FFG: For me, part of the impetus for being in the collective has to do with helping maintain the space that 7a*11d has carved out in the cultural ecology of the city, the country, and in the international performance art community. As a teacher, as somebody involved in mentoring younger artists, I want there to be spaces that support live, experimental, alternative practices, and that create connections between local practices and those happening in other places. And not just New York, Berlin, or some of the other common references that tend to dominate in art school curricula. The academe is one dimension of the artworld, and it has certainly become much more important in terms of forming artists and giving us a context, but it cannot be the only arena. In order for artistic pedagogical institutions to remain responsible to the public sphere, they need to be in touch with what is happening in communities outside the academe.

To turn briefly to the immediately political – shortly after November’s American election, Christian Viveros-Fauné wrote in Momus:

As a group that profoundly values free expression and also prizes difference and inclusivity, the artworld will, at long last, have to concern itself with more than the financial consequences of this presidential candidate’s victory on the stock and auction markets … It will also need to properly prepare for what is sure to be a forthcoming culture war the likes of which this country has never seen.

Of course, we have seen culture wars before, and indeed, in the ‘80s and ‘90s, performance art was at the center of these conflicts. In a similar vein, I want to follow-up on our discussion about the increased visibility and popularity of performance art today. What does the rising cultural presence of performance art mean in a moment of increasing conservatism in global politics? And what challenges and potentials do you see for the field in the precarious, and frankly very frightening political terrain we’re currently facing?

FFG: Performance has played and continues to play a crucial role in expanding the aesthetic field into a place where art can be used as an explicitly political tool. I think the culture wars of the ‘80s and ‘90s will offer up many lessons and cues as we in North America attempt to resist and contain the effects of what is to come. But the bringing-together of art and politics cuts both ways. It’s important not to turn this recent history that emerged as a contextual response to very specific political conditions (neo-conservatism, the AIDS Crisis, US intervention in Central America and other places in the world) into a canon that gets formalized as a set of easy-to-use conventions. Performance art is not an innocent form, [and] it’s not just the hero of the culture wars. Let’s remember that during the US primaries Michael Moore called Donald Trump a performance artist.

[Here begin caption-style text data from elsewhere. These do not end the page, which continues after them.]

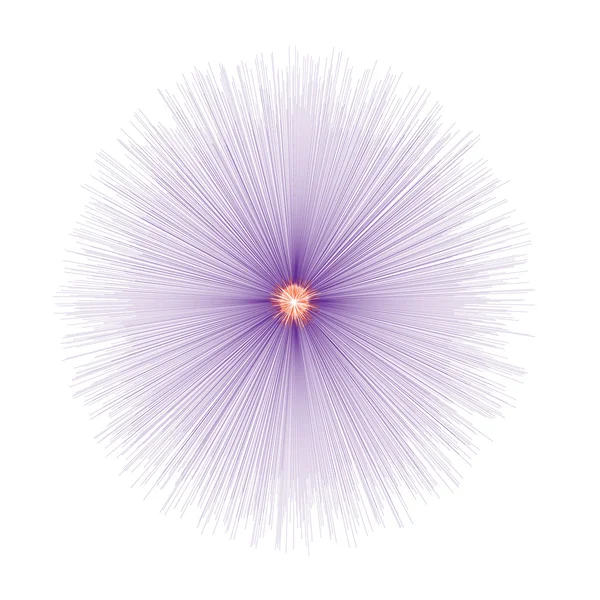 Λουλούδι του πλαισίου — Φωτογραφία Αρχείου
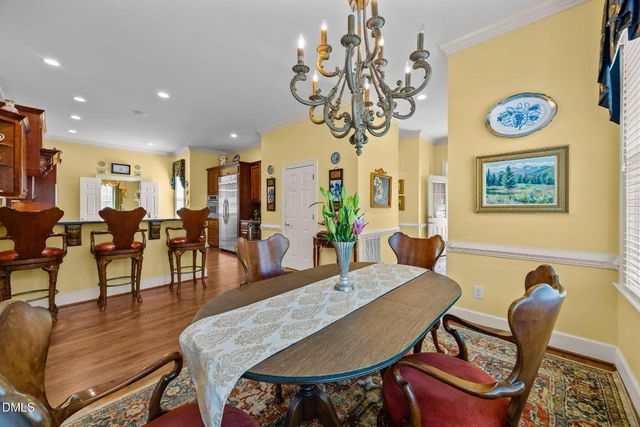 8218 Old Raleigh Road, Sims, NC 27880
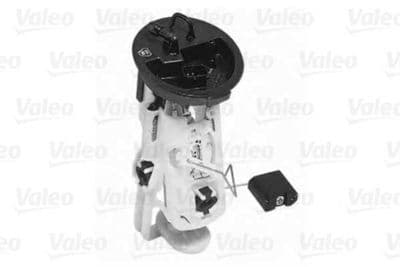 Unidad de alimentación de combustible VALEO 348741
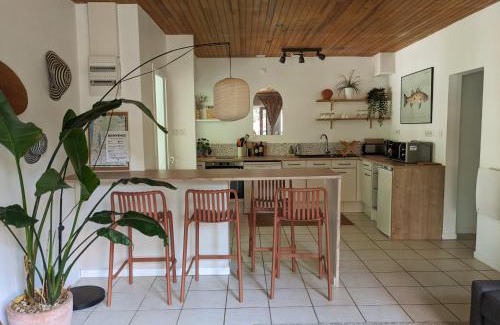 Les Estagnots Apartment | Experience HOSSEGOR LA VIGIE by Lake and Ocean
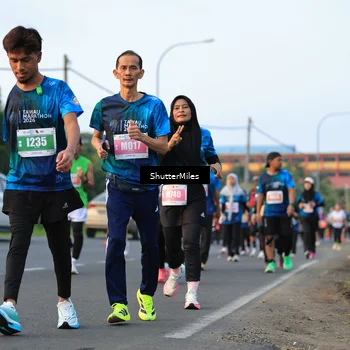 Runner Photo 4561679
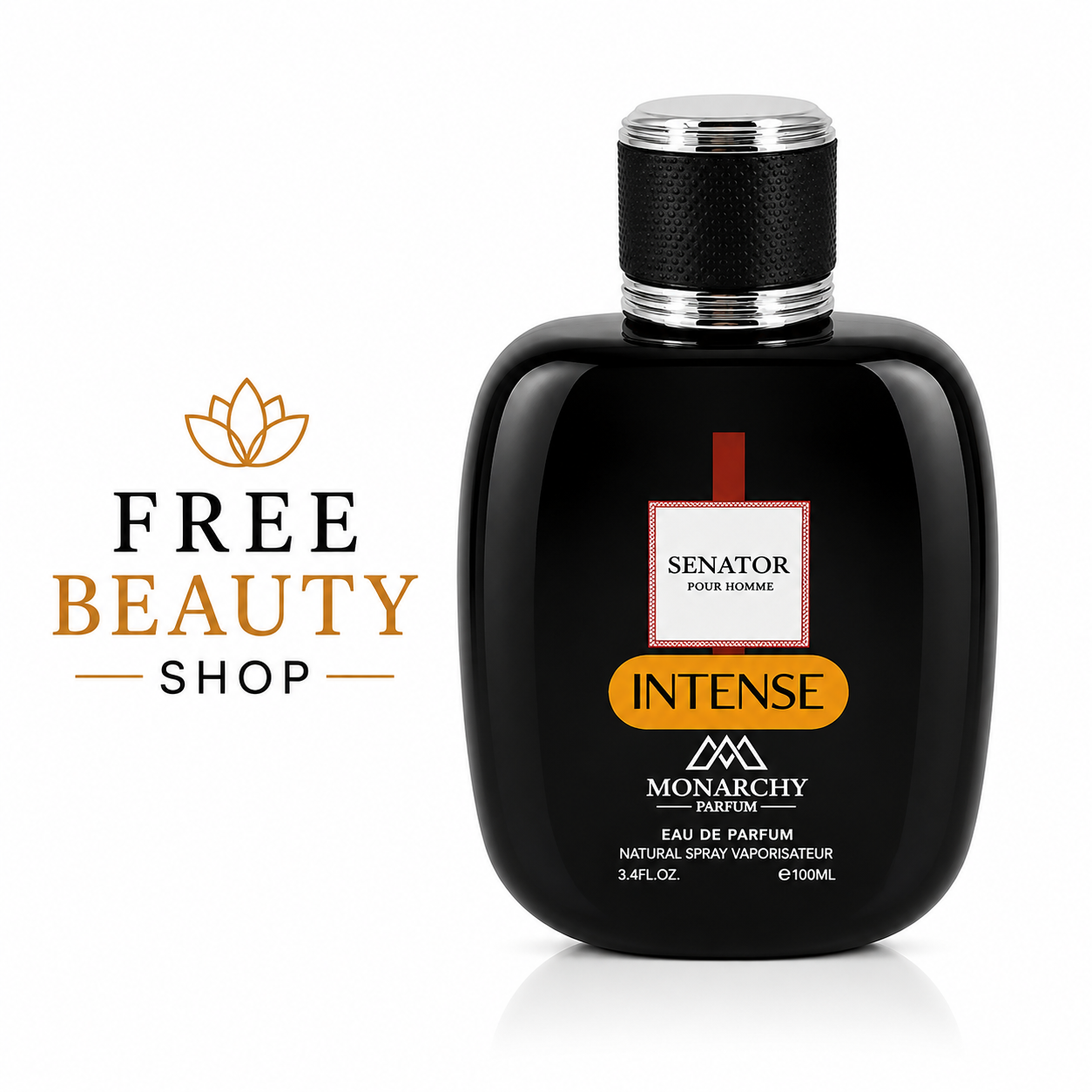 ادوپرفیوم مونارچی مدل  INTENSE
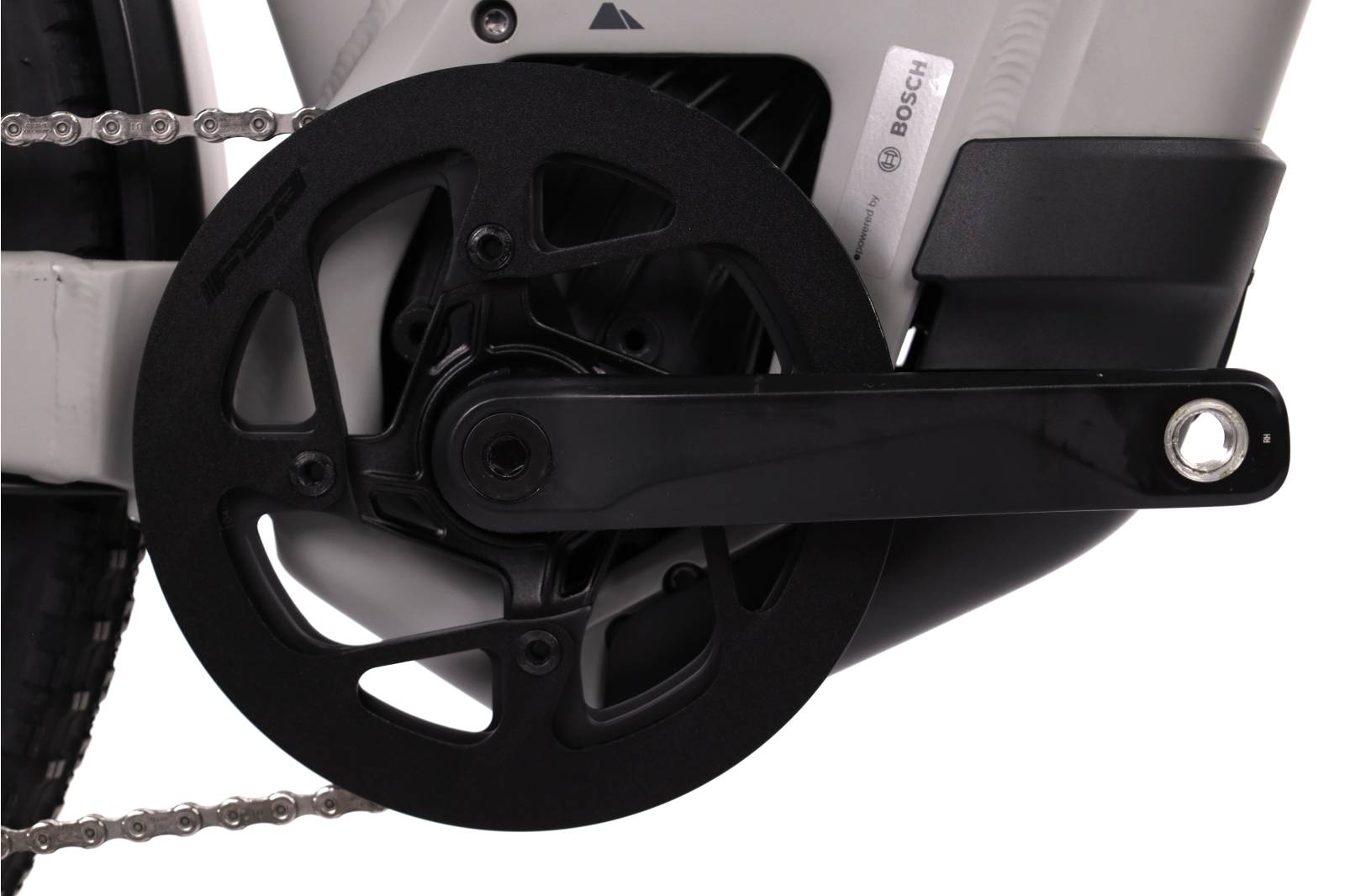 Canyon PATHLITE ON 8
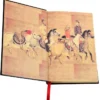 Art of War & Other Classics of Eastern Philosophy (Deluxe Leatherbound Edition)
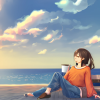 craiyon_125204_Anime_style_artistic_pixiv_photoshop_Clouds_Day_Time_Leisure_Nature_Person_Relaxation.png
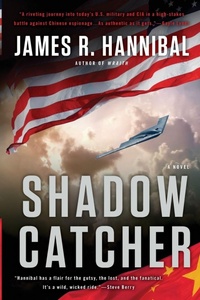 Enlarge image Cover: Shadow Catcher - Berkley Publishing Corporation,U.S.
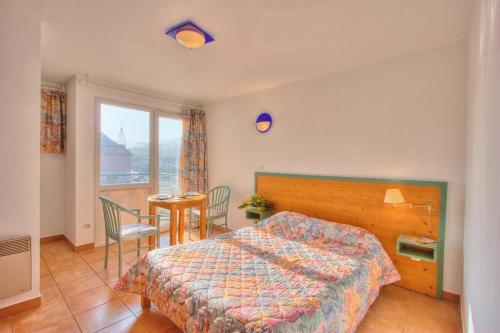 Фотография апарт отеля Residence Des Thermes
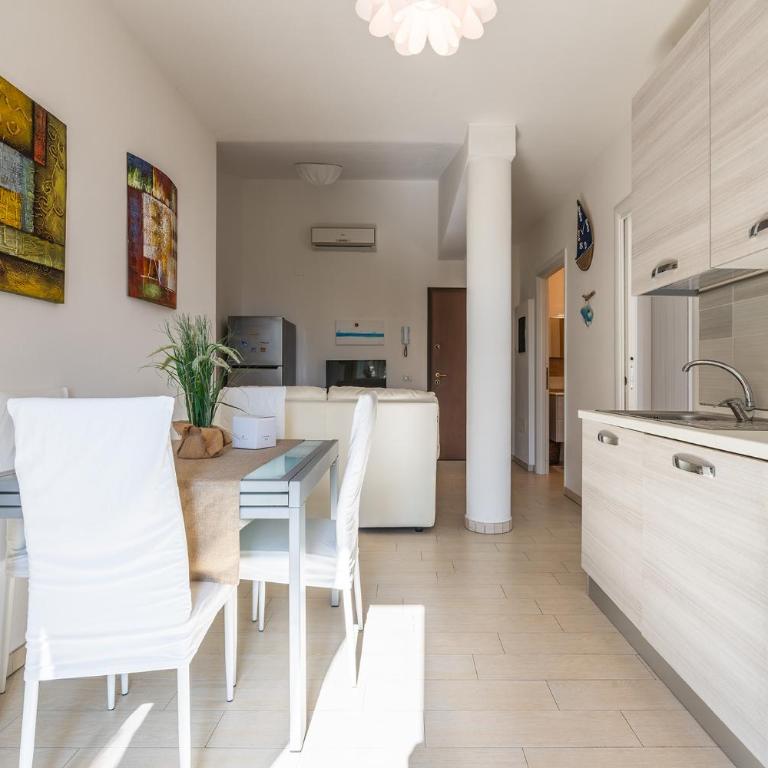 Central Terrace, Pula - Casa con 2 Camere da Letto - 19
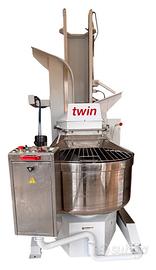 Impastatrice esmach modello mono-twin 200 a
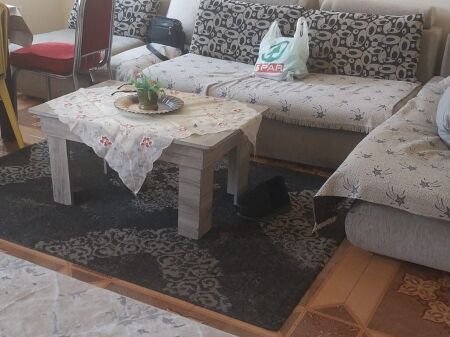 APARTMENT 1+1 30,000 LEKE NEAR UET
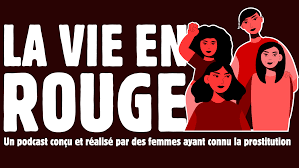 Nadia : Le X, cest des viols à répétition, cest inhumain. - Mouvement du  Nid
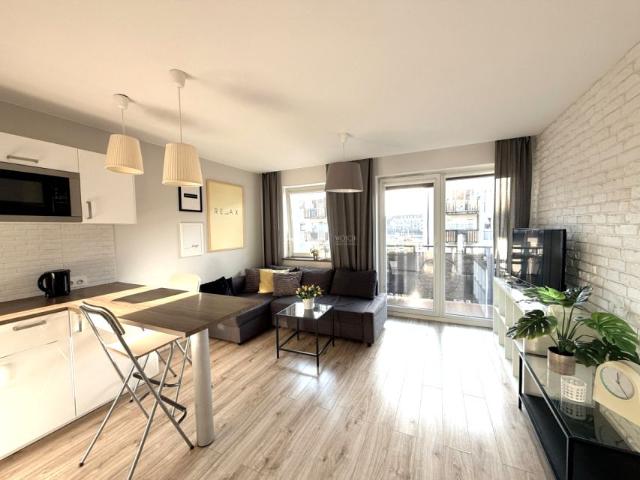 Buforowa ok 27 m², Wrocław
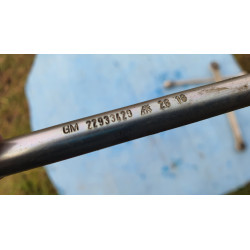 22933429 Cadillac CT6 Rear Suspension Stabilizer Bar Link 2016-2020
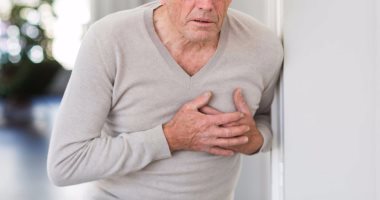 ضيق التنفس وبرودة الأطراف أعراض مبكرة للإصابة بأمراض القلب عند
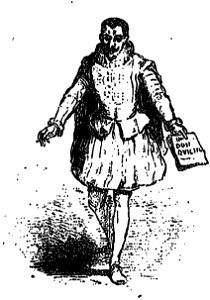 L’Ingénieux Hidalgo Don Quichotte de la Manche tome 1 illustration p. 741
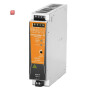 WEIDMÜLLER / 2001800000 / PRO DCDC 120W 24V 5A / DC/DC-Wandler, DC/DC-Wandler, 24 V DC, 24 V DC +/- 1 %, 120 W, typ. 92 / EAN 4050118383836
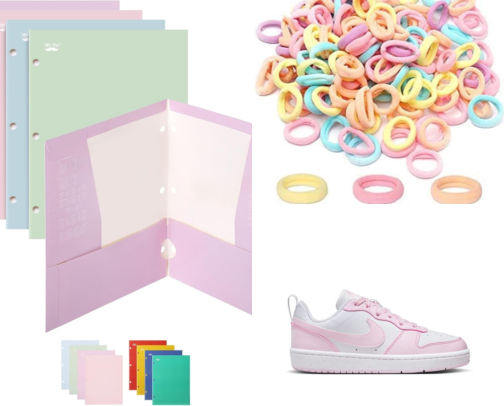 Preschool Needs! 🎒✏️👧🏽 cover photo collage
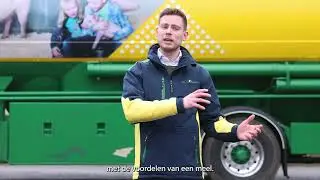 100.000ste ton Crunch voer verkocht (lange versie)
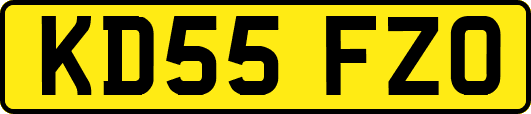 KD55FZO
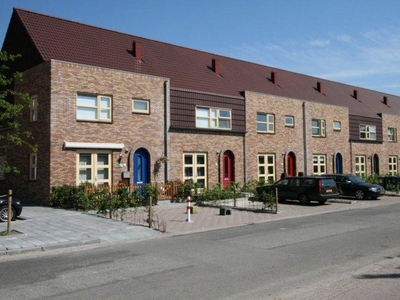 Jansoniusstraat 23 Ik wil huren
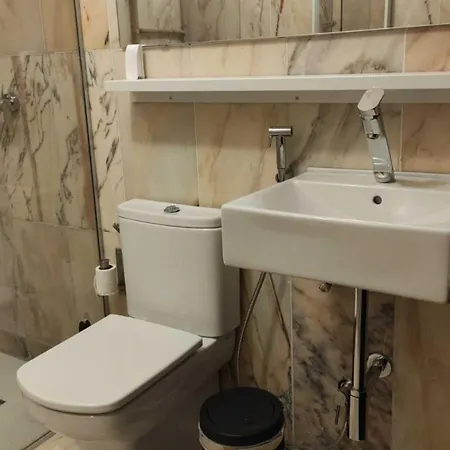 Apartamento Ocean Sound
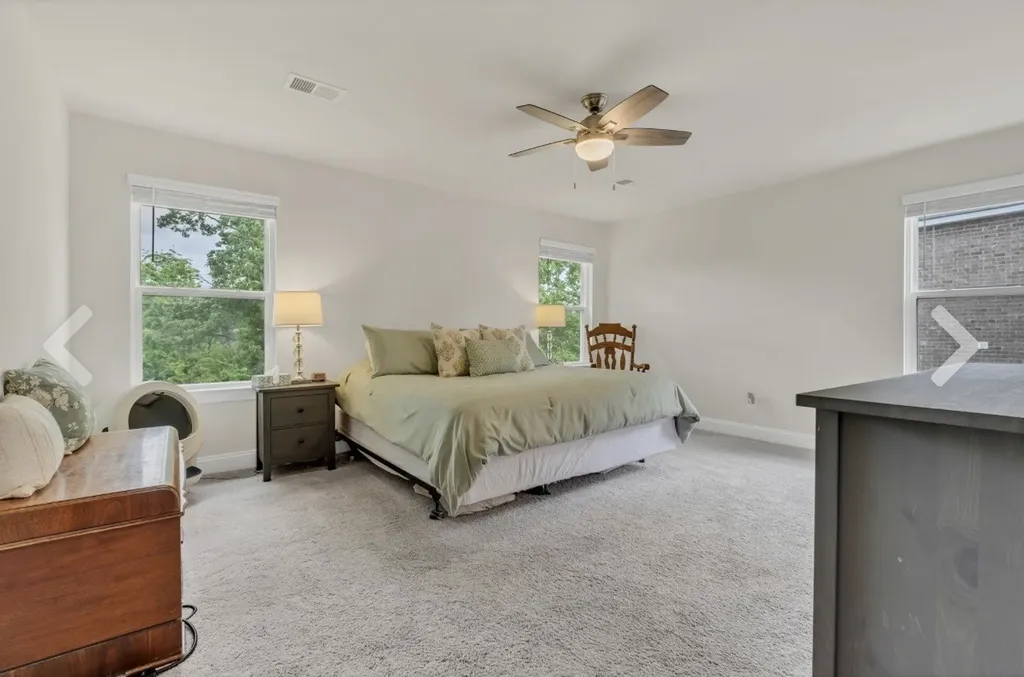 1736 Tahoma Drive Lebanon TN 37087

We as performance artists need to think about this characterization seriously, not just dismiss it. What is it about performance art that has allowed it to become not just a counter-cultural form, but also an accomplice of spectacle culture? We are caught in this conundrum as we go forward into this precarious time, and perhaps the only way to work through it is to continue to experiment, to think as we move, to figure out how to respond critically to a set of social and political circumstances many of us fear. It may be performance, but it may be something else, something we do not have a name for yet.